- RTS Index correlation with stocks has climbed to two-year high
- Stocks rose the most since January as Brent added 10%
Forget about price-to-earnings ratio, the latest macroeconomic data or fundamentals. When it comes to Russian stocks, among the cheapest in the world, it still all boils down to the price of oil.
The dollar-denominated RTS Index of Russian equities posted the biggest advance since January on Thursday, but don’t let that fool you: They are simply following moves in Brent crude, which soared the most since December 2008.
The 120-day correlation between the RTS Index and oil has climbed to 0.53, the highest level in more than two years, up from 0.32 just two weeks ago. A reading of 1 implies two securities are trading in lockstep. For Russia’s energy-heavy market, this means that the nation’s largest export dictates whether its equities will rise or fall.

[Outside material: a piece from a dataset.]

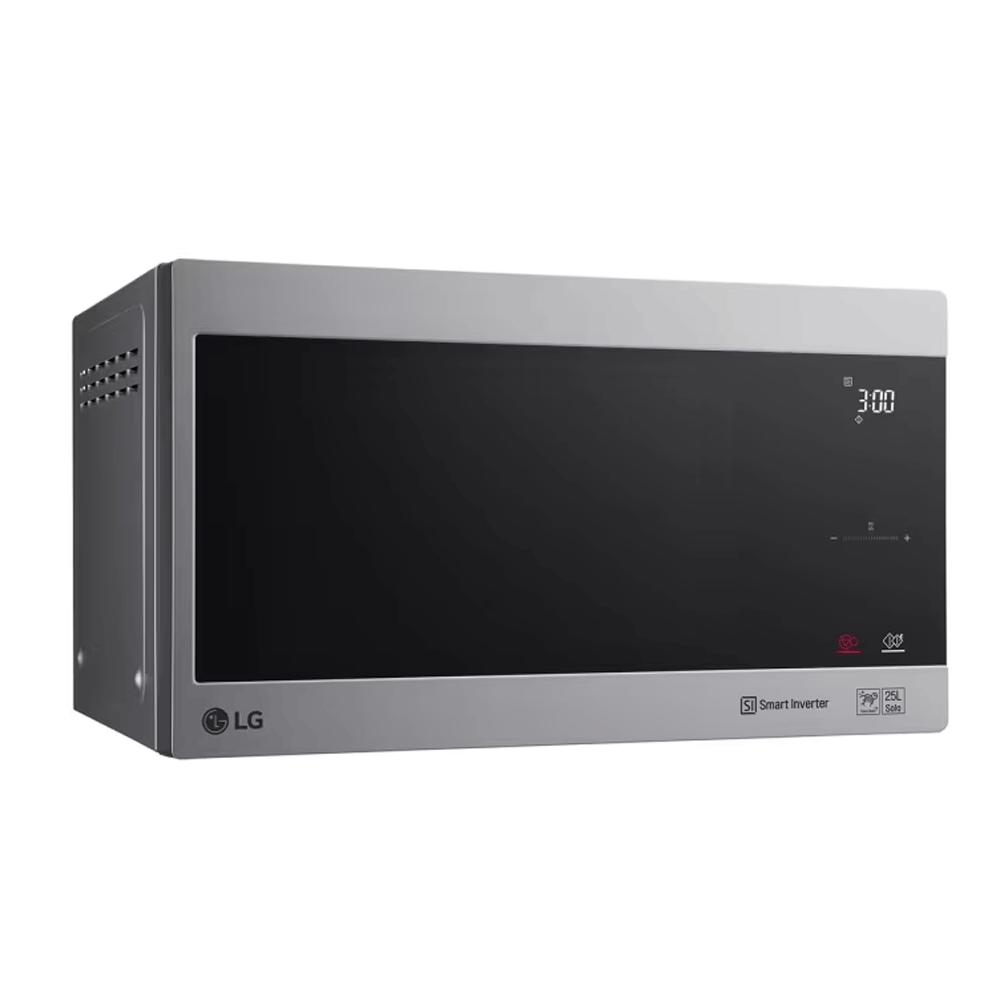 LG MS2595CIS Mikrowelle mit Smart Inverter Technologie silber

“Brent prices are something the market lives and dies by,” Anastasia Levashova, a portfolio manager at Blackfriars Asset Management Ltd., said from London on Thursday. “For a market that is so dependent on oil, there is a strong correlation: once oil is up, the ruble is rallying and the stock market gains, once oil tumbles, the market is having a bad day.”

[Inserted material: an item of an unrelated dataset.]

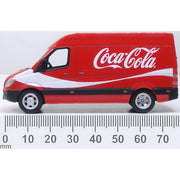 Oxford 76MSV007CC OO Mercedes Sprinter Van in Coca-Cola Livery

The RTS gauge, which includes companies such as Lukoil PJSC and OAO Rosneft, rose 6.7 percent to a one-week high on Thursday. A Bloomberg index of the most-traded Russian stocks in the U.S. also gained the most in more than seven months, jumping 5.9 percent to 49.66.
The ruble advanced 4.4 percent to 66.0090 against the dollar, the most among emerging-market currencies. Brent crude, which traders use to price the country’s main export, soared 10 percent to $47.56 on Thursday, and traded at $47.65 at 10:30 a.m. Singapore time. The Micex Index rose 2.1 percent in Moscow, the most since April, to 1,695.22.
When Brent dropped 6.1 percent on Monday, the ruble posted the second-biggest drop in developing currencies and the RTS benchmark slipped 4.9 percent.
What this means is that equities are rebounding even when the economic outlook keeps getting bleaker.
Gross domestic product in the world’s largest energy exporter will fall 3.3 percent in 2015, down from an earlier projection of a 2.8 percent decline, Economy Minister Alexei Ulyukayev said Tuesday in Kuala Lumpur, according to the Interfax news service.
Growth will contract “slightly” in 2016 if oil stays at $40 per barrel, he said in Moscow on Thursday. The drop in energy prices and sanctions linked to the Ukraine conflict curbed international financing, dragging the economy into its first recession in six years.